→ Work request
The required output is the exact run of lines in the listing below from the line holding "Load image into" through the line holding "FemmSouth Collage-Shirt T-Shirt", with no pictures.

→ Data extracts
== Segment start ==
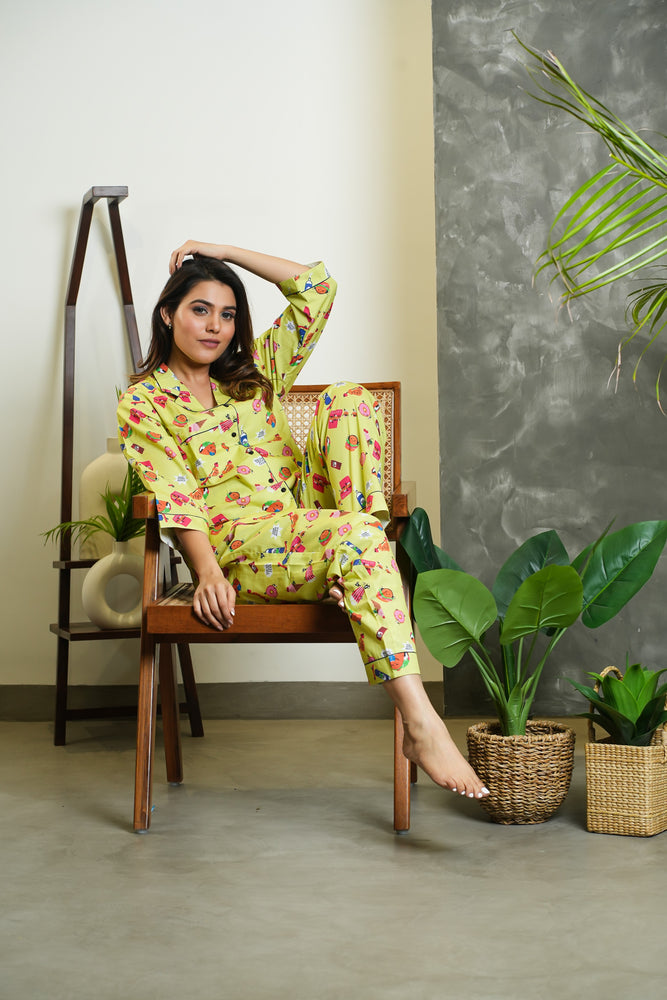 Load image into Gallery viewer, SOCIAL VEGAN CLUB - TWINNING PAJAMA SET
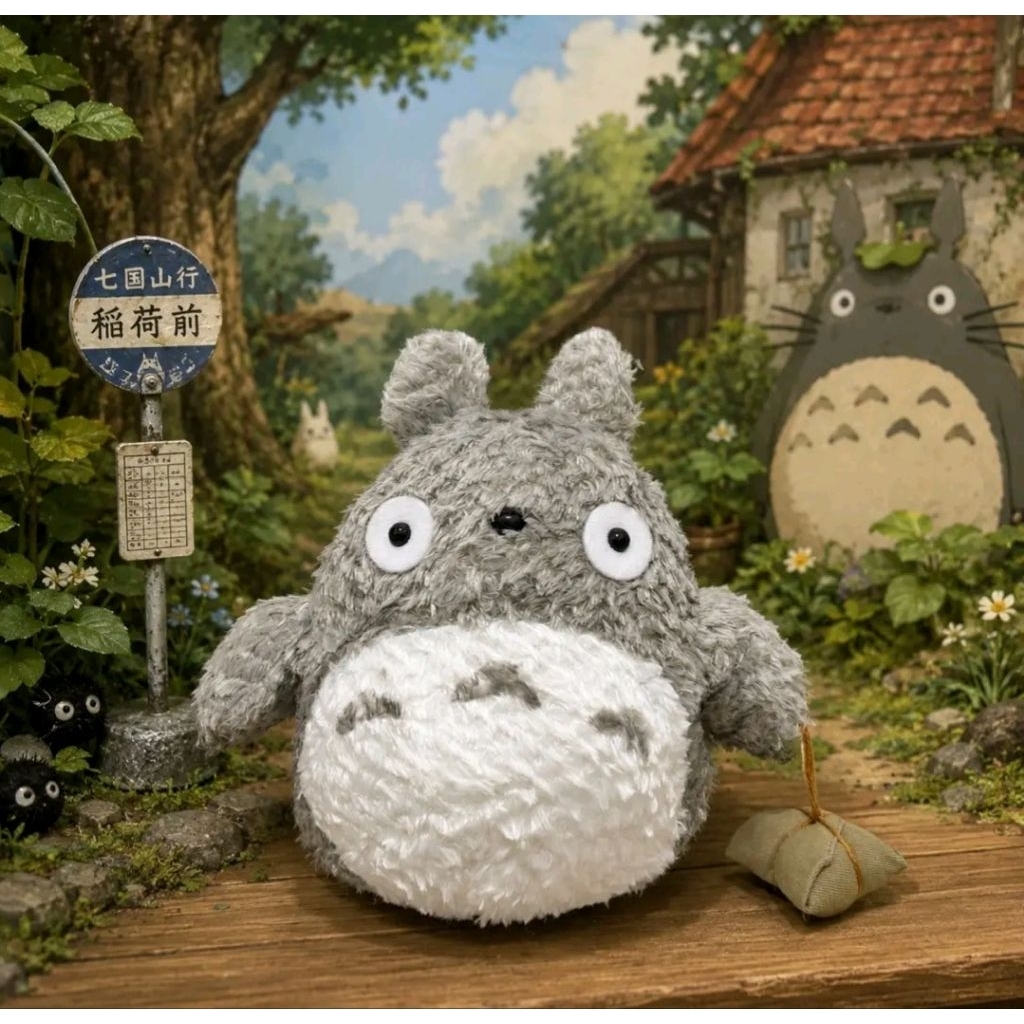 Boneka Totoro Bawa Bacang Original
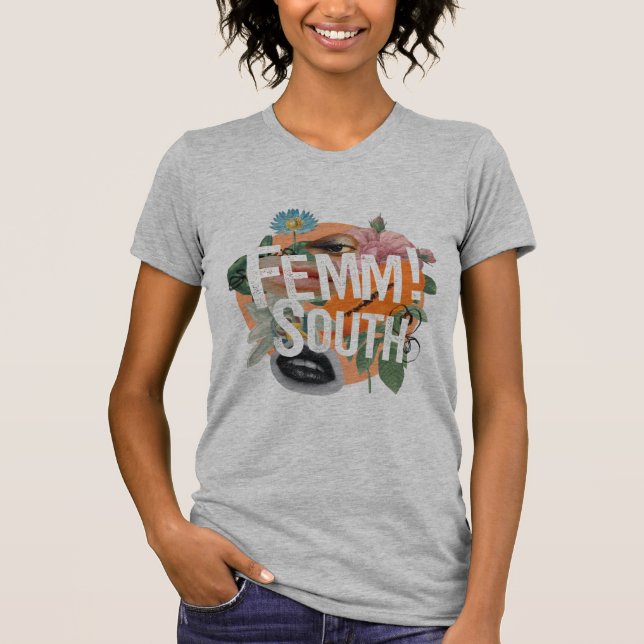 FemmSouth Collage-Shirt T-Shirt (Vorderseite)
== Segment end ==
== Segment start ==
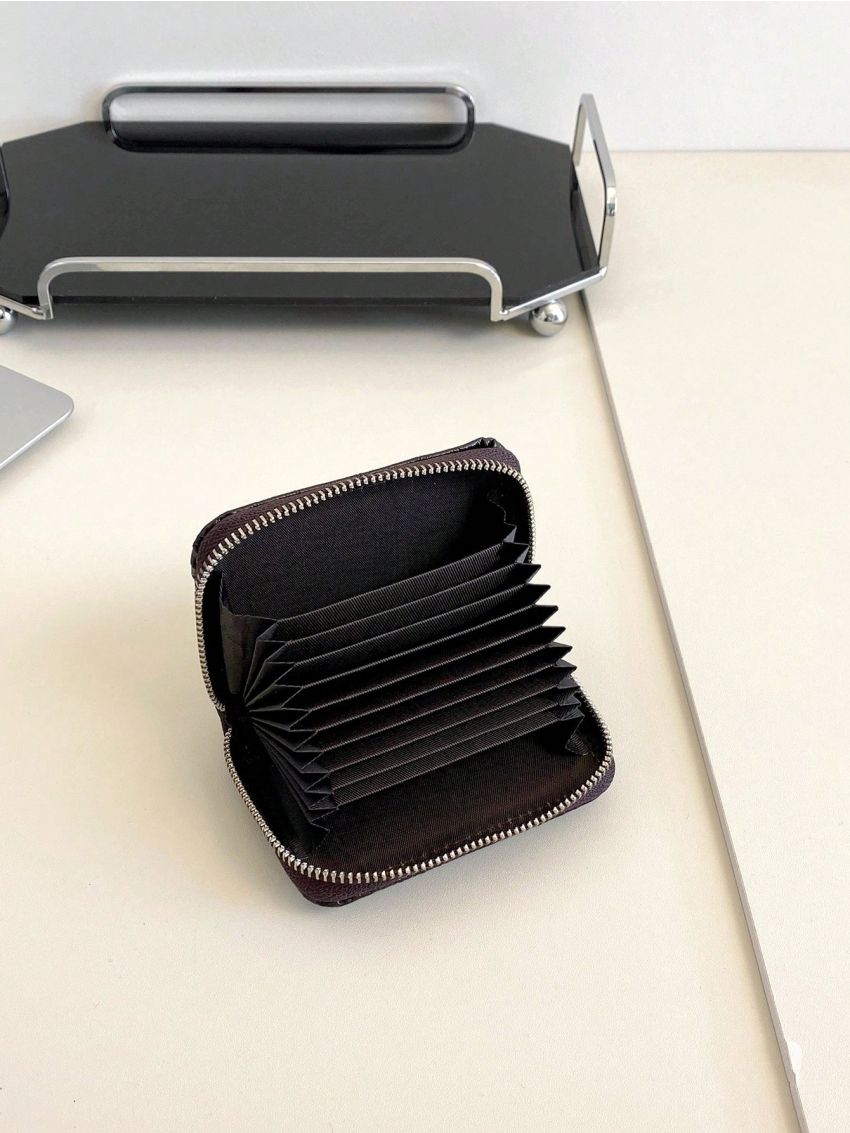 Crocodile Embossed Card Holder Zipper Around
== Segment end ==
→ Answer box
 Load image into Gallery viewer, SOCIAL VEGAN CLUB - TWINNING PAJAMA SET
 Boneka Totoro Bawa Bacang Original
 FemmSouth Collage-Shirt T-Shirt (Vorderseite)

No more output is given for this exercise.